Early evidence is that these additional measures can shave a bit more off the latency, but with the important caveat that real savings will only be achieved if they are supported across the ecosystem, including the CDNs (Content Delivery Networks). Currently only one or two of the major CDNs support the underlying HTTP/2 PUSH at all and Apple has been widely criticized for introducing more complexity and uncertainty into the ecosystem for what might be only a minor gain for those services where low latency is critical.
A point to note that HTTP/2 PUSH is an extension of the broader HTTP/2 protocol designed as a major upgrade to the original HTTP for the World Wide Web. Apple pulled the wool over some eyes by citing the widespread support for HTTP/2 by CDN vendors without pointing out that very few had added PUSH. HTTP/2 PUSH operates by allowing a node in a CDN, essentially a server, to push an object to the client unsolicited, to circumvent the delay involved in the requesting process. The main problem is the lack of support from CDN vendors, which if sustained would undermine the multi-CDN strategy that big content streamers more or less have to adopt for resiliency, cost reduction and performance optimization.
CDN Support Is Critical
So the fate of ALHLS is in the hands of the streaming industry and especially CDN vendors, because without widespread support it is dead in the water. After all, low latency CMAF already enjoys broad industry support, from both CDN and player vendors.
There is though, some industry support for Apple’s position with CDN vendors coming under pressure to implement push as a low latency enhancement. Apple is one of the few industry players with the clout to browbeat the player and CDN industry into supporting HTTP/2 PUSH.

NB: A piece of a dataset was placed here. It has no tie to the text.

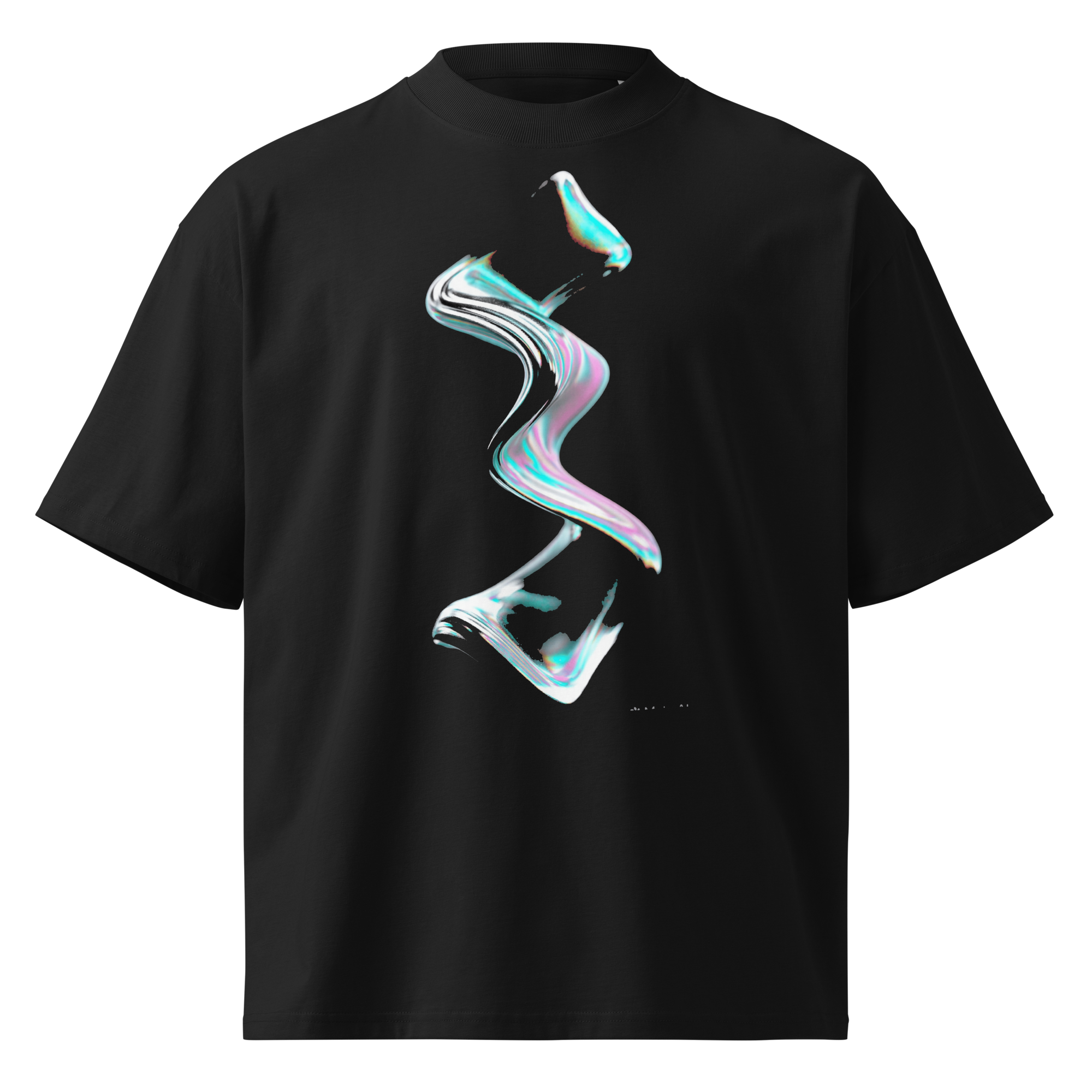 Unisex organic oversized high neck - "Glitter Wave" t-shirt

For now, it is almost back to square one with a new streaming war. But not quite, because CMAF has been accepted as the universal underlying contained format. This means that even if low latency DASH and low latency HLS are both deployed, both will use CMAF for media segments, while still supporting legacy players, albeit at higher latency. Both can use the same DRM, although do not have to, and both will achieve latencies in the broadcast range 4 to 10 seconds.
As for coexistence, operators are able to hold just one mezzanine file for both formats to be distributed at the origin, because of the CMAF support, but will have to store two different copies of the same asset at the network edge to cater for the low latency approaches.
All in all it seems a pity Apple could not work within the MPEG community towards a common approach, but then that would be too good to be true on past precedent. Apple’s decision has pleased one group though, third party streaming vendors that can now offer to take care of the increasing complexity on behalf of customers. One such vendor is Wowza, which is working to support both and believes, or certainly hopes, that both Low-Latency HLS and low-latency CMAF for DASH, will quickly become widely deployed for OTT, live sports, e-gaming and interactive streaming.